- Your instructions: Could you say how many lines below contain the word "tweet"? Give the number with no other text.

Brief descriptive captions:
■ ■ ■ ■ ■

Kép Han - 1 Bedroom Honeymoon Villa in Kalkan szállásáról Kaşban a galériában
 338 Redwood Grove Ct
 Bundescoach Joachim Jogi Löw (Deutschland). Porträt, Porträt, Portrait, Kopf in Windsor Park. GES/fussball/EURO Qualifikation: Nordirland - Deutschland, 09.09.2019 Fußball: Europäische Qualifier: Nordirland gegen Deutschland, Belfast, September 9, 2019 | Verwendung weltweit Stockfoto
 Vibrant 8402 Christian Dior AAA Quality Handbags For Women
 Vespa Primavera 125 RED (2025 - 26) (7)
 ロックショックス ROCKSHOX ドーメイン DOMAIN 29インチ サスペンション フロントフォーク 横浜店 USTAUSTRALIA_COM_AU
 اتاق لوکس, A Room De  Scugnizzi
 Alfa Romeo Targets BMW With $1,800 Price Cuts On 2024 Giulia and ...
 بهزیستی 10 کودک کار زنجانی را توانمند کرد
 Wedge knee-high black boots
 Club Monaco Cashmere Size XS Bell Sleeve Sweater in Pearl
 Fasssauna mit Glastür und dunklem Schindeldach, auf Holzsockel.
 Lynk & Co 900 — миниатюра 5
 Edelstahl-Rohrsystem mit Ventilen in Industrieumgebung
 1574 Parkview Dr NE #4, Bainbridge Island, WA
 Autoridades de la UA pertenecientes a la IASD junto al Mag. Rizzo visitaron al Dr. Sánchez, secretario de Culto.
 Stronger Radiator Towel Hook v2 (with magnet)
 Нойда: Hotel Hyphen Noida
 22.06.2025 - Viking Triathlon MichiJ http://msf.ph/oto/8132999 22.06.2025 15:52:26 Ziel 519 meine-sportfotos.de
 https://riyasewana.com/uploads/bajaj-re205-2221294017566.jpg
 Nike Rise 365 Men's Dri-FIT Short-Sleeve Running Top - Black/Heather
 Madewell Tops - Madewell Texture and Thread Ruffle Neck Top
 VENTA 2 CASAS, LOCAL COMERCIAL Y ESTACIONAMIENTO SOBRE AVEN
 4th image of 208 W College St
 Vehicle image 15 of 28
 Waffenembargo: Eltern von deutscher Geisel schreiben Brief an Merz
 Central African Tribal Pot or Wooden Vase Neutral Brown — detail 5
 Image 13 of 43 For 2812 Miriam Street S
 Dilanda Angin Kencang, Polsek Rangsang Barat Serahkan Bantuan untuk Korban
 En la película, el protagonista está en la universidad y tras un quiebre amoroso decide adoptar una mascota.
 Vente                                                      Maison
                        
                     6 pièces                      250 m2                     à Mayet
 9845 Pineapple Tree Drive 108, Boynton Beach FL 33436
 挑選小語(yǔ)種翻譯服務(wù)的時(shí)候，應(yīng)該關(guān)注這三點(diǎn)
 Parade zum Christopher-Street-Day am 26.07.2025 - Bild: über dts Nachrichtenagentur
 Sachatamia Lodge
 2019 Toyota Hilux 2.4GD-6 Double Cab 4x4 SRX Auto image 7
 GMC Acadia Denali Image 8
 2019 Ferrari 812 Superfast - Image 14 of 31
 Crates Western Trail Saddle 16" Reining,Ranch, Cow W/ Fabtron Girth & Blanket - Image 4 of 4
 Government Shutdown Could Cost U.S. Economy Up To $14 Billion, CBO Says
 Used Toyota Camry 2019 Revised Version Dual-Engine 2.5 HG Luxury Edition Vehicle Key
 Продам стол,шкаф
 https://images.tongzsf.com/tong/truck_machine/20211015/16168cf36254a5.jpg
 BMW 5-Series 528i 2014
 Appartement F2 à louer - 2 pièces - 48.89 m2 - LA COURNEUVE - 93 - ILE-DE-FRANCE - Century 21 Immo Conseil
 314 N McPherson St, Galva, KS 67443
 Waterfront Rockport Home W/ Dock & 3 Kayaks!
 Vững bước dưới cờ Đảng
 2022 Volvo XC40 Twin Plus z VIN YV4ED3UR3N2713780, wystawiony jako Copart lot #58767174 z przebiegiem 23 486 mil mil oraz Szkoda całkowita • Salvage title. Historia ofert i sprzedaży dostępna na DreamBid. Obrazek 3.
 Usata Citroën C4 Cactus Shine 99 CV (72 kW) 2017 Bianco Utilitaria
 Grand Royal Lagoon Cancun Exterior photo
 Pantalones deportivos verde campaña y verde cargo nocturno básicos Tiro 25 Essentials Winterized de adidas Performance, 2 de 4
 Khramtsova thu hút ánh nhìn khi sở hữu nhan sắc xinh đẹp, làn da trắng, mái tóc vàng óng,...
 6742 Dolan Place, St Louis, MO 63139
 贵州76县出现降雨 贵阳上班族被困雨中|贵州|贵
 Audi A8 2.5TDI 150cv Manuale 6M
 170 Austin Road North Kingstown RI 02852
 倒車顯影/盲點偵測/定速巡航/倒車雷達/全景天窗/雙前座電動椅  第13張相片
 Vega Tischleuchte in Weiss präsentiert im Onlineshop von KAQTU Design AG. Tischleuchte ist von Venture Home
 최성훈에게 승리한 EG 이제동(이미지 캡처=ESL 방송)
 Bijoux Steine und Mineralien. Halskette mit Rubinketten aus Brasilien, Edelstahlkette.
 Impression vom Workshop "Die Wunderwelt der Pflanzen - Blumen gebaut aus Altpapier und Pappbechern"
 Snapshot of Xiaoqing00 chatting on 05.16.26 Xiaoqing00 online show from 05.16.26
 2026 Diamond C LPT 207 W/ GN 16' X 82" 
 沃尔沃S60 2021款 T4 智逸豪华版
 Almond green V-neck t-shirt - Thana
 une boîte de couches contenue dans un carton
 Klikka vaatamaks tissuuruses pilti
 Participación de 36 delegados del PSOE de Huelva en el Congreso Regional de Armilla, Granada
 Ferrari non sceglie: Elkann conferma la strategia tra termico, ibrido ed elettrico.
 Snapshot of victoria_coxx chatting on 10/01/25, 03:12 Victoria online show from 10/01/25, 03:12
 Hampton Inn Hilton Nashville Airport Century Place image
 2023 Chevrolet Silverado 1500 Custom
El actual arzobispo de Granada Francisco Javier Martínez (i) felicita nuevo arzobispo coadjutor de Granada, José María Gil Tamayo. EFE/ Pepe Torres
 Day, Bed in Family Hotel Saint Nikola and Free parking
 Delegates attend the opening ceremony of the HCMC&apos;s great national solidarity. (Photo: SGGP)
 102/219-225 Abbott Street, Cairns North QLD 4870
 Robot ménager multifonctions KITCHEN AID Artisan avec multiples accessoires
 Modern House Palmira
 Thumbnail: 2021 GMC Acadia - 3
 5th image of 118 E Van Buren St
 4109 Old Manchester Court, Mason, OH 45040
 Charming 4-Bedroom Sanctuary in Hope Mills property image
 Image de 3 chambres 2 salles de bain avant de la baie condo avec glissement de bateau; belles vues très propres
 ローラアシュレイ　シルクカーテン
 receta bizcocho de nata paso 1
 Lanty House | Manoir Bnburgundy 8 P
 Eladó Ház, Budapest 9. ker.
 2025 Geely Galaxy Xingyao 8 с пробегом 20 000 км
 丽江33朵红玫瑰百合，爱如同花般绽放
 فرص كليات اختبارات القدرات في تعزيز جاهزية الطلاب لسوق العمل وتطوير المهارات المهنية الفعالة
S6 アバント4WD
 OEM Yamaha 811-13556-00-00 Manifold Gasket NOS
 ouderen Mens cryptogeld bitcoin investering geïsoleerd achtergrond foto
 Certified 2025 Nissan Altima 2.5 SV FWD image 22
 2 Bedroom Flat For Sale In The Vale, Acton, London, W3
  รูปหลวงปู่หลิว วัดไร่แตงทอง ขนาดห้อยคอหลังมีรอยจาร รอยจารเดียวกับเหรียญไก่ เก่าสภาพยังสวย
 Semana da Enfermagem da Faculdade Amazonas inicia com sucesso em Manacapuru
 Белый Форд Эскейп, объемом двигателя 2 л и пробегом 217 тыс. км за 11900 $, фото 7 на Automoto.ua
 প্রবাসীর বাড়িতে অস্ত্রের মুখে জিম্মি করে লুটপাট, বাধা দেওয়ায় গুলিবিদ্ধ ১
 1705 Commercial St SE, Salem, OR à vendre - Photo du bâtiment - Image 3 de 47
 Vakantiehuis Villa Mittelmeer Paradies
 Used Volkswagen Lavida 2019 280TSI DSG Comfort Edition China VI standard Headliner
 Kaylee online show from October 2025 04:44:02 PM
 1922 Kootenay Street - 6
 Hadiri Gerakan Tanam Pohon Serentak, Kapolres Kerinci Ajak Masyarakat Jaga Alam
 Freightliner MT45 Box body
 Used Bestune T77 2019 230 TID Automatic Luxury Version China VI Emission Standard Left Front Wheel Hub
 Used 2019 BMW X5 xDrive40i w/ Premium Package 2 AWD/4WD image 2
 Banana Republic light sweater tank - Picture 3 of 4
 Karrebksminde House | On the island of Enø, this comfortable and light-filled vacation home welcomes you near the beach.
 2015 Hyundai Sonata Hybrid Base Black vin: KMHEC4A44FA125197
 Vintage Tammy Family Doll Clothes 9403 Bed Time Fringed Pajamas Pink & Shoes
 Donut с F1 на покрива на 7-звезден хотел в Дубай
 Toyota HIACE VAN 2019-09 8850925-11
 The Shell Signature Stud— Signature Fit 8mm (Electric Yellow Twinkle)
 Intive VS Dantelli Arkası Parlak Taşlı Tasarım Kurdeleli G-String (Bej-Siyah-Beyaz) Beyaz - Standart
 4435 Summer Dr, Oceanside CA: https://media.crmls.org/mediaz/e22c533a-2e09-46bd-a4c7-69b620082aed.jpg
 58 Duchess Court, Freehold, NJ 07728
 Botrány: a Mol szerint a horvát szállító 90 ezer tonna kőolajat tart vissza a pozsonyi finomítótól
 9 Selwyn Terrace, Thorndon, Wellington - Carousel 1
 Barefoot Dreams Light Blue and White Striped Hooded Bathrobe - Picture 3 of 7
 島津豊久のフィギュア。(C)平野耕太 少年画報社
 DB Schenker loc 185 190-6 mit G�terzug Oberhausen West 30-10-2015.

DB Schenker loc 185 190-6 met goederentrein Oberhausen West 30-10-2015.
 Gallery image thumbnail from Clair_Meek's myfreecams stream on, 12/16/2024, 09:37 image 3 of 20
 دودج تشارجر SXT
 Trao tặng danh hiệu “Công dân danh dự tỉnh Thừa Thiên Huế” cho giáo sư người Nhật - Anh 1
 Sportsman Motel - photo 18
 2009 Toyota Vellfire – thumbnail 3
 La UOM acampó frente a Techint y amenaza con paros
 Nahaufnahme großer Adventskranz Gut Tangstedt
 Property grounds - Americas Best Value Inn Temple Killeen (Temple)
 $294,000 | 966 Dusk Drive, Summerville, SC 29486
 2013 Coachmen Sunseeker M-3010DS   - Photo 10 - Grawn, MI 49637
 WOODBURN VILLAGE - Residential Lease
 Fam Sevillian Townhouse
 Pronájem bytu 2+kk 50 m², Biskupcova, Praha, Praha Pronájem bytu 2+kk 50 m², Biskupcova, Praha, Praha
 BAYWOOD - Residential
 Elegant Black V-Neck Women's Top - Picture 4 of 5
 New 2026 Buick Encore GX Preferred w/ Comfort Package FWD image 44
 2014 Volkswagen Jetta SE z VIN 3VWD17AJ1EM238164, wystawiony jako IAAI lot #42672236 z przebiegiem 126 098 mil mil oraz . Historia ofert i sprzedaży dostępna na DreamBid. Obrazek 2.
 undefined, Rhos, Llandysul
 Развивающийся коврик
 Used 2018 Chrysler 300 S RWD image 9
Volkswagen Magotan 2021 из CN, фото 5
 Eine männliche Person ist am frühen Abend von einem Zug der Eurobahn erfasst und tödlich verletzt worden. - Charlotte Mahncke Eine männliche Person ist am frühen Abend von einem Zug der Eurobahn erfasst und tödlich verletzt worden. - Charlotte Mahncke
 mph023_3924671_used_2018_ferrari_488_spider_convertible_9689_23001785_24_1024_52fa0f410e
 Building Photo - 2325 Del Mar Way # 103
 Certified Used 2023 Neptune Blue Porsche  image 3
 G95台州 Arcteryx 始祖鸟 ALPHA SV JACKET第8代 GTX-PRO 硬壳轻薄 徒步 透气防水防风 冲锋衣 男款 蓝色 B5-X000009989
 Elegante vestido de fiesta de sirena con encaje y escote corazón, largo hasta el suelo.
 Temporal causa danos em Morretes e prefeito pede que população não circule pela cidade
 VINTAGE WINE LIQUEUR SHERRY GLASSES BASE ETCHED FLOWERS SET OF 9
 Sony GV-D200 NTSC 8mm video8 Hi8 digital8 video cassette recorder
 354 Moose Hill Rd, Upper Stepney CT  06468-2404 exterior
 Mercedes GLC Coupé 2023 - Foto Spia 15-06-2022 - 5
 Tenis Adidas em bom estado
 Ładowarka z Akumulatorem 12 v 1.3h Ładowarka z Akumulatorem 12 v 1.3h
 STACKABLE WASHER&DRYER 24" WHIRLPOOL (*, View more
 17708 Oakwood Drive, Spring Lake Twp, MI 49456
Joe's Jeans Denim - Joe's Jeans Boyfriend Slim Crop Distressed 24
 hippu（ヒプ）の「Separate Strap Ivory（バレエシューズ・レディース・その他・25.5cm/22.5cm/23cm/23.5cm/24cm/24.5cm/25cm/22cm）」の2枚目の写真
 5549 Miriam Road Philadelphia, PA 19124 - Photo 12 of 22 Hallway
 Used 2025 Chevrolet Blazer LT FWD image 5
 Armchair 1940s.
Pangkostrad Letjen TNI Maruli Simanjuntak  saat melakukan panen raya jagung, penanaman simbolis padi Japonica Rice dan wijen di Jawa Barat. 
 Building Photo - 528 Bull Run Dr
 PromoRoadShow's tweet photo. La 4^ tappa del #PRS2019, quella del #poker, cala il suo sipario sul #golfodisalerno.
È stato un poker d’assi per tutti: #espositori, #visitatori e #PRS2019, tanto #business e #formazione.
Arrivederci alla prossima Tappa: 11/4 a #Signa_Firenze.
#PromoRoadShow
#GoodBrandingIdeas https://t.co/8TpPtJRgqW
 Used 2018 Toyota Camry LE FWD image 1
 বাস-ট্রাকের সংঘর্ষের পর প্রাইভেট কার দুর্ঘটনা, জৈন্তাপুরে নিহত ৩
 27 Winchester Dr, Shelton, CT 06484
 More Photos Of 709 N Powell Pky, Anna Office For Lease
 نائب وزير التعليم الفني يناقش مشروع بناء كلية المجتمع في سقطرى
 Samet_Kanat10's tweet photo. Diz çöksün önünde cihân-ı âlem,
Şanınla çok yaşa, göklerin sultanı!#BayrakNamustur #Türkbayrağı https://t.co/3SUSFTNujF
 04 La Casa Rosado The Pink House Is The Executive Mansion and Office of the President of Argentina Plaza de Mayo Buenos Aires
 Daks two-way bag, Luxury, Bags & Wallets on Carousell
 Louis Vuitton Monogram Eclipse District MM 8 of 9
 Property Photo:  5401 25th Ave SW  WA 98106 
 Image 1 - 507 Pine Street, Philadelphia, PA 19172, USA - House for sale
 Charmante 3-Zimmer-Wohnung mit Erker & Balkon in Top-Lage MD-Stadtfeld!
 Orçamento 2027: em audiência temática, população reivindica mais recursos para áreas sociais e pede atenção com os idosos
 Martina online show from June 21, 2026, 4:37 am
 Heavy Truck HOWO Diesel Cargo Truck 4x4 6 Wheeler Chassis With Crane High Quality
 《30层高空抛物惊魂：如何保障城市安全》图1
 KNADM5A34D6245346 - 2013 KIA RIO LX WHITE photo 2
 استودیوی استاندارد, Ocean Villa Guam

■ ■ ■ ■ ■

- Answer box: 2